— Goal of the exercise —
Would you retype exactly the lines from the one holding "Toner 150мл тонер" through the last line of the listing, and only those, without pictures?

— Information supplied —
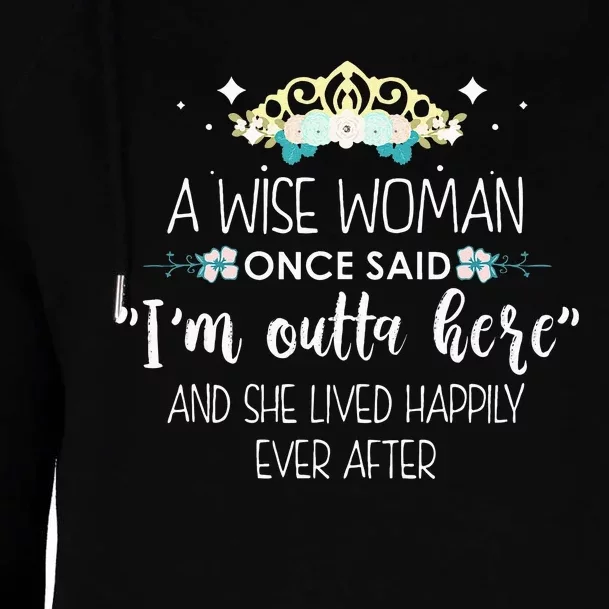 Funny Retirement Designs For Women Retiring Employee Womens Funnel Neck Pullover Hood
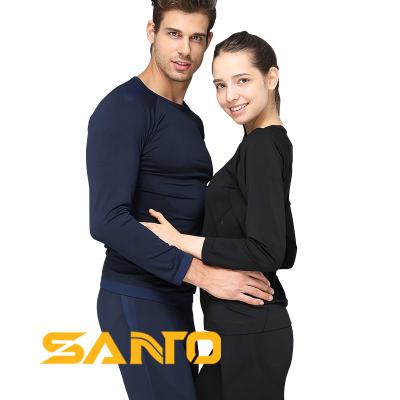 China Wholesale 4 Color OEM Couples QUICK DRY Thermal Sports Underwear Fashion Thermal Underwear Set Wicking for sale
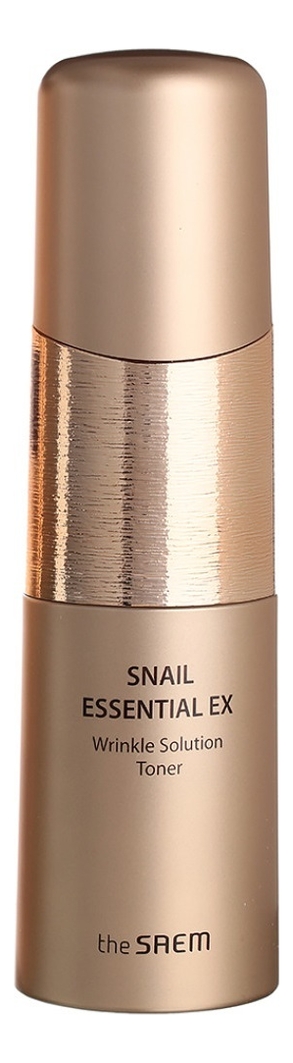 Тонер для лица антивозрастной Snail Essential EX Wrinkle Solution Toner 150мл тонер для лица антивозрастной snail essential ex wrinkle solution toner 150мл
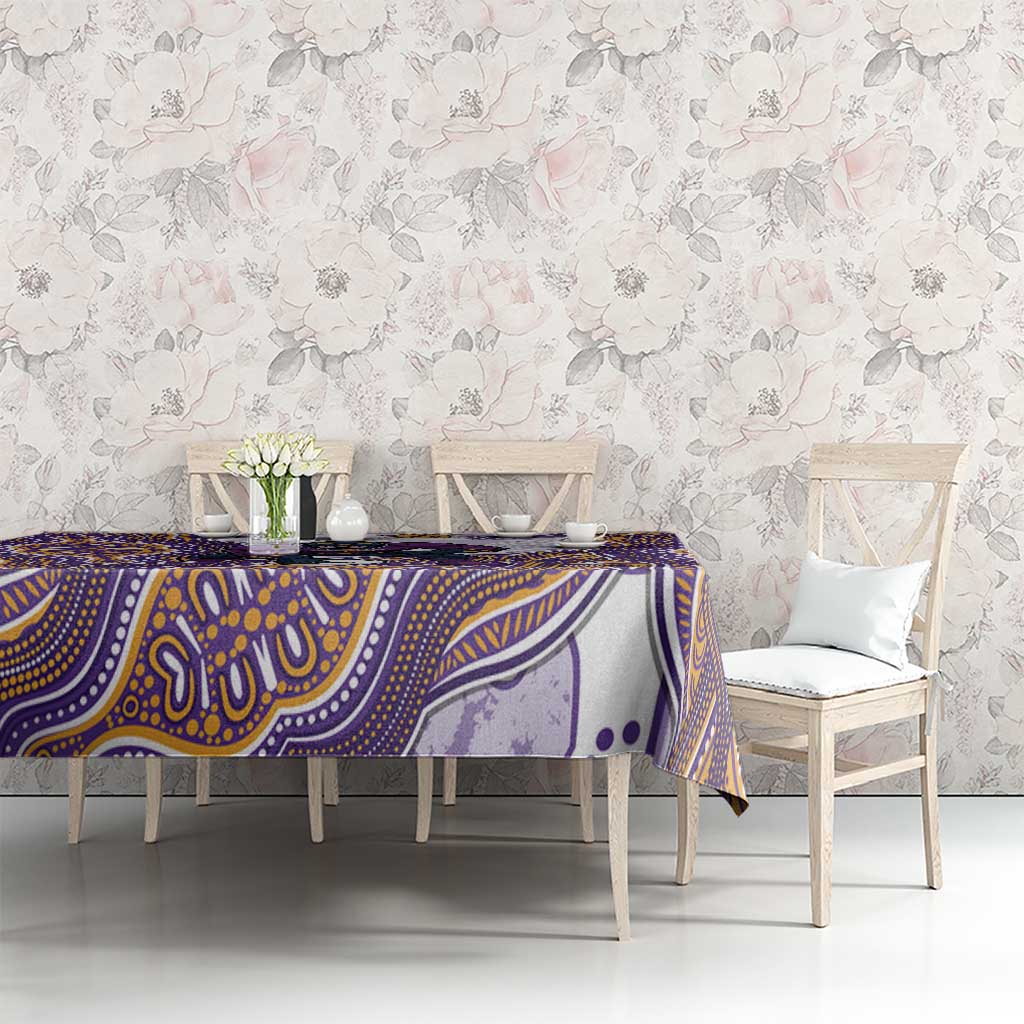 Melbourne Storm NAIDOC Week 2026 Tablecloth First Nations of Australia Aboriginal Mascot Rugby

— Answer below —
 Тонер для лица антивозрастной Snail Essential EX Wrinkle Solution Toner 150мл тонер для лица антивозрастной snail essential ex wrinkle solution toner 150мл
 Melbourne Storm NAIDOC Week 2026 Tablecloth First Nations of Australia Aboriginal Mascot Rugby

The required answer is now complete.